しかし、危機脱出のエンジンだった低金利やウォン安、原油安の「3安現象」は終わりつつあり、国内外の環境は依然として油断できない状況だ。設備投資(8.9%増)や民間消費(1.4%増)の回復は、依然として弱い。上半期は、政府支出の拡大が景気を支えしてきたが、支出規模が減少した第3四半期は、政府財政支出のGDP成長への貢献率はマイナス0.1%だった。政府は、年末には来年の財政を前倒し執行するとしているが、それには限界がある。
輸出は、今回を含めた40年間、計5回に渡り、経済危機克服の主役だった。
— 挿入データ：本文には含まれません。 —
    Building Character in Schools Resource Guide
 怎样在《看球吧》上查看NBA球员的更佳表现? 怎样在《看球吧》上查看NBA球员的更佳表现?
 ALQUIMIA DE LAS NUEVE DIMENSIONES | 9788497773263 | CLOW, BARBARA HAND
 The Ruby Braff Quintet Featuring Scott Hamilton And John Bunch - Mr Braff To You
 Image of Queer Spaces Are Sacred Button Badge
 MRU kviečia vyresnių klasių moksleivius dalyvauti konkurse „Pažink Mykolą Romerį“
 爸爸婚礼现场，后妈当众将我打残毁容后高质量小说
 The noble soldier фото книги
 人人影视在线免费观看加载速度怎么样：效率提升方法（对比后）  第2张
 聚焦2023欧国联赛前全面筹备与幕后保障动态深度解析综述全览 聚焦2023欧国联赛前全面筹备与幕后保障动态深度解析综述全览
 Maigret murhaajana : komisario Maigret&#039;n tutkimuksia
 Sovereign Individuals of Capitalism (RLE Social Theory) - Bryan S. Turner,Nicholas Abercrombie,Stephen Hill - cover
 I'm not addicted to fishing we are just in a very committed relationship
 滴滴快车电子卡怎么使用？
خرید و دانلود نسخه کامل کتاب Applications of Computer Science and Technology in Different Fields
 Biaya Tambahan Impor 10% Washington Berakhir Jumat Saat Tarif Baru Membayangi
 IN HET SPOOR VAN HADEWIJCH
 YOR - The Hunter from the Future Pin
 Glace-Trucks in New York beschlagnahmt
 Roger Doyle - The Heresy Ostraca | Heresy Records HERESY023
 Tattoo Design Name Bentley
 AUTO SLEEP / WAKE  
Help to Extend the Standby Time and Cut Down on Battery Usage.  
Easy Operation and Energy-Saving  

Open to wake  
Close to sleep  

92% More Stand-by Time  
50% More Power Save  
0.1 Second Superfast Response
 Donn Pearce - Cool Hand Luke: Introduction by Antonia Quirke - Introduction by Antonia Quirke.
しかし、世界の主要諸国が景気刺激のために財政支出を減らし、輸入への需要が萎縮すれば、我々の輸出は打撃を受けざるを得ない。今月12日、米国では「景気低迷は終わった」という宣言が出たが、回復のテンポは緩やかだろうというのが大方の予測だ。韓国の輸出は、主力の上位5品目の割合が全体の42%を占め、米国やドイツ、中国、日本などの21〜34%に比べて過度に高く、景気が減速すれば衝撃を受けやすい。通貨危機以後、さらに高まった貿易の依存度を下げ、内需拡大策を講じなければならない。
政府の関係者は、「今年の就業者の減少幅を10〜15万人と見ているが、経済状況が好転すれば、10万人以下に抑えることができるだろう」と明らかにした。通貨危機のときとは異なり、企業の破産はそれほど多くなく、ある程度の雇用を維持することができた。しかし、今年の新たな雇用は、希望労働プロジェクトなどの公共部門が中心となっている。9月も、就業者は7万1000人増加したものの、公共部門を除いた民間部門の就業者数はむしろ減少した。雇用低迷の長期化を防ぐためには、民間投資の環境を改善するしかない。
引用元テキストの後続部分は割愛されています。